Chance for Peace speech
- Date: April 16, 1953
- Venue: Statler Hotel
- Location: Washington, D.C., United States; 38°54′09″N 77°02′14″W﻿ / ﻿38.9025°N 77.0372°W;
- Also known as: "Cross of Iron" speech
- Type: Presidential address
- Theme: Cold War, global disarmament, human cost of military spending, international peace
- Cause: Death of Soviet Premier Joseph Stalin (March 1953) and subsequent geopolitical shifts
- Motive: To challenge the new Soviet leadership to join a mutual effort toward global de-escalation and peace
- Target: USSR leadership and the global public
- Organised by: American Society of Newspaper Editors
- Participants: Dwight D. Eisenhower
- Outcome: Widely praised as one of Eisenhower's finest speeches, though it failed to achieve a long-term breakthrough in Cold War relations

= Chance for Peace speech =

1953 speech by U.S. President Eisenhower

The Chance for Peace speech, also known as the Cross of Iron speech, was an address given by U.S. president Dwight D. Eisenhower on April 16, 1953, shortly after the death of Soviet leader Joseph Stalin. Speaking only three months into his presidency, Eisenhower likened arms spending to stealing from the people, and evoked William Jennings Bryan in describing "humanity hanging from a cross of iron." Although Eisenhower, a former military man, spoke against increased military spending, the Cold War deepened during his administration and political pressures for increased military spending mounted. By the time he left office in 1961, he felt it necessary to warn of the military–industrial complex in his final address.

==Background==
Eisenhower took office in January 1953, with the Korean War in a stalemate. Three and a half years prior, the Soviet Union had successfully detonated the atomic bomb named RDS-1, and appeared to reach approximate military parity with the United States.

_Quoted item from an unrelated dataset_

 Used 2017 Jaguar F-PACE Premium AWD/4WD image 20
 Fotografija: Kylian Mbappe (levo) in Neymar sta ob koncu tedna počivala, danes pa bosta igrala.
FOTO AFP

Political pressures for a more aggressive stance toward the Soviet Union mounted, and calls for increased military spending did as well. Stalin's death on March 5, 1953, briefly left a power vacuum in the Soviet Union and offered a chance for rapprochement with the new regime, as well as an opportunity to decrease military spending.

==The speech==

The speech was addressed to the American Society of Newspaper Editors, in Washington D.C., on April 16, 1953. Eisenhower took an opportunity to highlight the cost of continued tensions and rivalry with the Soviet Union. While addressed to the American Society of Newspaper Editors, the speech was broadcast nationwide, through use of television and radio, from the Statler Hotel. He noted that not only were there military dangers (as had been demonstrated by the Korean War), but an arms race would place a huge domestic burden on both nations:

Every gun that is made, every warship launched, every rocket fired signifies, in the final sense, a theft from those who hunger and are not fed, those who are cold and are not clothed.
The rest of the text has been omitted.